The clerk replied, “I’d be surprised if it did.”
Nature notes
The morning chorus woke me early and summoned me from my bed. Male birds were yelling at other male birds, “Get off my dawn!”
Catbirds gobbled unripened berries. Rose-breasted grosbeaks sang. They are one of few bird species to sing while on the nest. The female sings when building the nest, incubating and brooding. The male sings quietly from the nest and loudly from other perches. Their song is a whistled one reminiscent of a robin, only sweeter.
Crows gathered together in the middle of the road as if they were stuck there. Were they velcrows? No, they were chowing down on road kill.
I took a walkabout in New Richland. I looked down at ants scurrying about on the sidewalk. When I’d worked in Arizona recently, a friend told me that The Grand Canyon State was home to 318 species of ants. I recall reading something, I think it was from Carleton College, saying that Minnesota has 102 ant species.

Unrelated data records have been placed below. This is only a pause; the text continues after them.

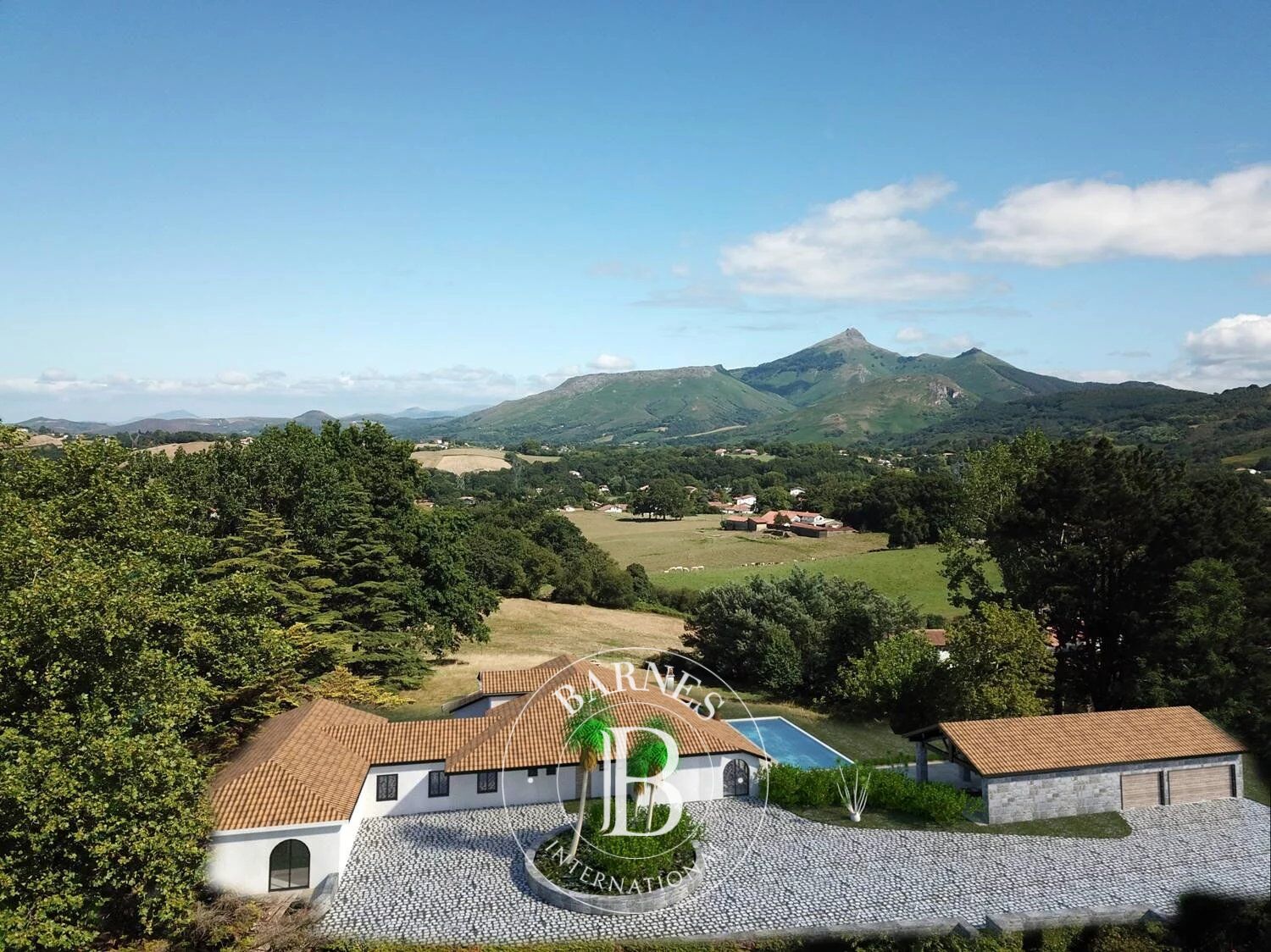 URRUGNE, CASA DE 280 M² CON VISTA PANORÁMICA A LAS MONTAÑAS - picture 2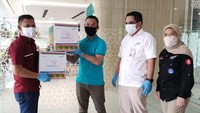 Mandiri Syariah bersinergi dengan Mandiri Group memberikan donasi Rp1,82 miliar kepada lebih dari 2.600 penerima dari total bantuan Rp17 miliar sebagai bentuk kepedulian terhadap penangangan COVID-19 di Indonesia.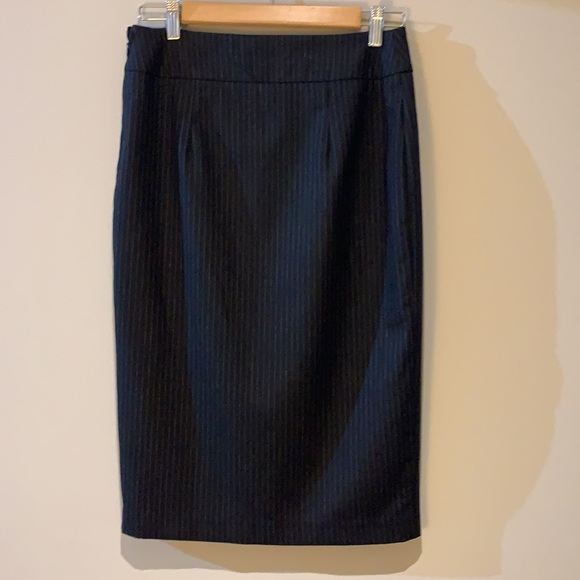 Black/Gray Pencil Skirt Pinstripe Loveliness - Picture 5 of 7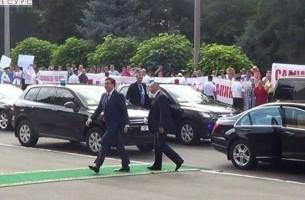 Саакашвили покинул Майдан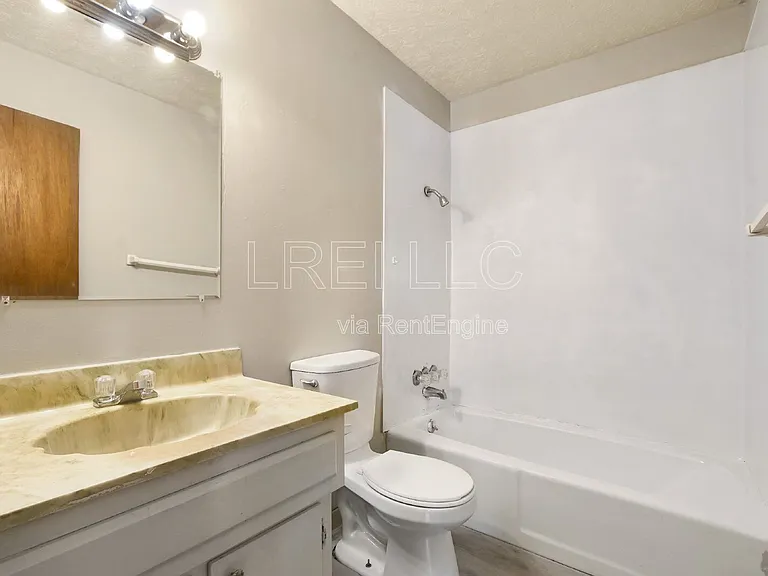 176 Thistlewood Ave #15 — Photo 6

The trees weren’t the only things holding up the sky. A good number of chimney swifts were flying overhead. The chattering of the flying cigars not only made me look up, it made me feel up.
Meeting adjourned
Gerry Schwarz of Mason City sent this quote from Joseph L. Townsend, “Oh, the kind words we give shall in memory live; And sunshine forever impart; Let us oft speak kind words to each other; Kind words are sweet tones of the heart.”